Saturday, 9 September 2023

23rd Sunday Year A, 2023

 

(Ezekiel 33:7-9; Romans 13:8-10; Matthew 18:15-20)

 

Dear fellow Catholics and Christians I must make clear for you today that our Gospel reading was written by St. Matthew for his Jewish-Christian community of the first century.  The general guidance given there is for all Christians; but the detailed and specific procedures quoted by St. Matthew were given by Jesus to Jews who, as a nation, had been prepared by God for some two thousand years in order to be able to understand and practically appreciate that teaching.  Such formal details were not intended by Jesus -- indeed are hardly possible and most certainly not obligatory -- for Catholics and devout Christians in our modern, sinful and adulterous, societies.

Let us first of all have a look at what I have just called the ‘general guidance’ for all Christians and basic to Christian morality:

If your brother sins against you, go and tell him his fault between you and him alone.  If he listens to you, you have won over your brother.

Such was Jesus’ consistent attitude in such matters: don’t let things fester, have it out in the open; if possible, put it right without delay, with all honesty and humility.  

Such an attitude and such a solution was possible for meticulous former Pharisees or Sadducees – Matthew’s suggested Church congregation – who’s emotions were closely geared with their legal minds; and Scripture gives us the supreme example of Saint Paul literally following Jesus’ teaching by openly rebuking Saint Peter for dissimulation (Galatians 2:11-15)!

Nevertheless, for today, when people’s emotions are much more free-ranging and for immediate self-expression, it is not likely to be a generally accepted or acceptable procedure.

Jesus, however, had a much more comprehensive teaching than that specified by St. Matthew for his Church congregation; it is a teaching that Jesus committed to Saint Peter for the future Church of which he, Peter, would be the chosen head; a teaching which totally eliminates grudges nourished or retaliation planned for harm thought to have been done:

If you forgive men their trespasses, your heavenly Father will also forgive you.  But if you do not forgive men their trespasses, neither will your  Father forgive your trespasses. (Matthew 6:14-15;  cf. 18:22-35)

That truly radical, unique, and even still today, most astounding, demand of Jesus as regards fraternal charity among His disciples, made in those words for St. Peter’s personal  guidance, develops teaching first mentioned in Jesus’ Sermon on the Mount: revenge is not allowed, and if cherished is unforgiveable, for all believers in Jesus.

Think on that, dear People of God, for all gangs feed on revenge; even world-wide religions allow their supporters to practice, and pride themselves on, vengeful justification of their faith; and ‘little men’ and ‘poisoned women’ of our modern world, like to think of getting-their-own-back for offences real or imagined.

Today’s words of Saint Paul -- our Blessed Lord’s gift-to-the-nations --  are most relevant here:

            Owe nothing to anyone except to love one another.

For Christian society, such love is  both the foundation and the fulfilment of the Christian way of life, as  St.

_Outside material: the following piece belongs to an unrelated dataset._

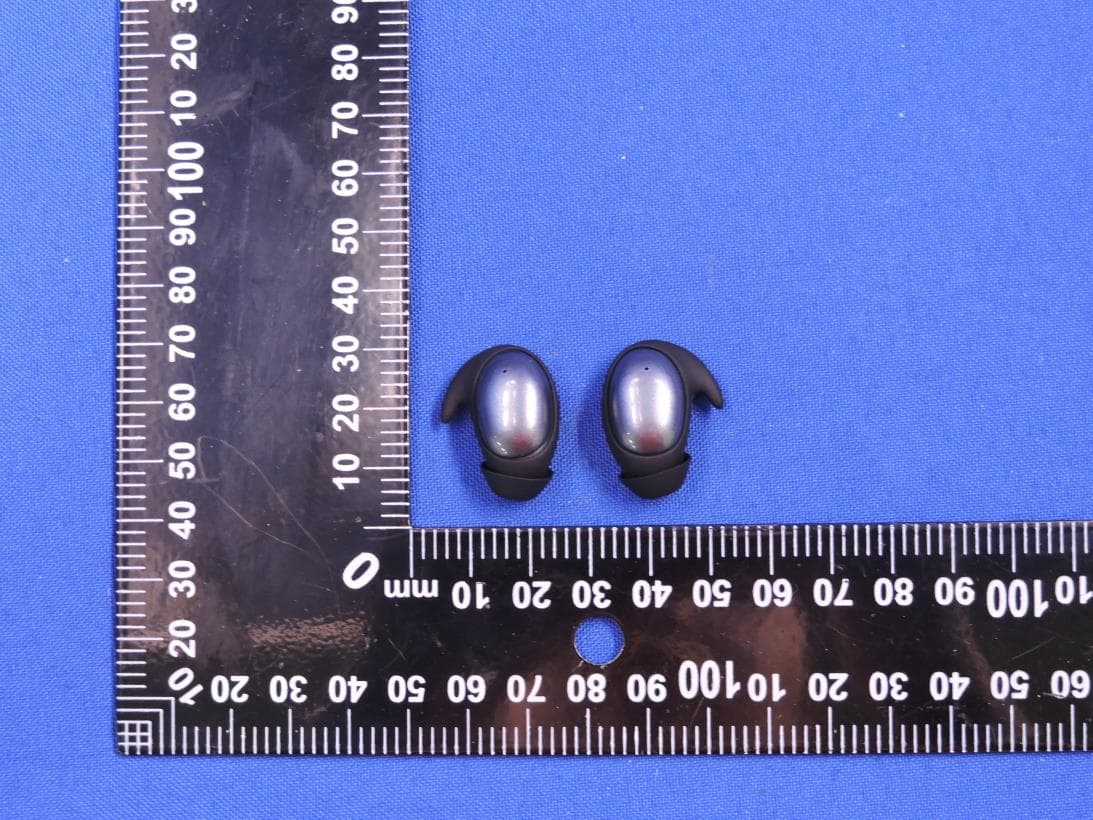 BLUETOOTH HEADPHONE - FCC ID 2AVD2-MH22280 - Shenzhen Monster Creative Technology Co., Ltd. (5)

Paul teaches the nations:

For just as we have many members in one body and all the members do not have the same function; so we, who are many, are one body in Christ and individually members one of another. 

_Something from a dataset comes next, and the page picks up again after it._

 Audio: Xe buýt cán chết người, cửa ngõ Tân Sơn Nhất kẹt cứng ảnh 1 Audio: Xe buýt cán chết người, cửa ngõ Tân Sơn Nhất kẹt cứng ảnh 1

Love is the fulfilment of the law.  (Romans 12:4-5; 13:10)

I cannot now go on to talk with you about the nature and beauty of that  Christian love, but nevertheless we have already, dear People of God, revealed a panoramic view of the wonder of our Catholic (for precision’s sake!) faith: the power and strength, the beauty and holiness, the life-bestowing goodness and soul-cleansing truth, of God’s fatherly love for us in Jesus!

Before closing, however, let me just take-up for you that expression ‘fatherly-love’, because our first reading from the prophet Ezekiel told us of God insisting on a moral duty for Ezekiel himself that concerns all Christian parents.

As Christian parents whose marriage is dedicated to God, any children they may have are regarded as gifts from God to be loved, nurtured, and brought up for His glory and their ultimate salvation and blessing.  For that purpose Catholic and Christian parents have authority over their children which is God-given and which no government can negate; an authority before men which also begets a responsibility before God, because He has appointed them as watchman for the house of God which is their Catholic and Christian family home.  May their exercise of that personal God-given authority and power-for-good be for them a most loving work, joyful privilege, and life-long cause of heart-felt gratitude.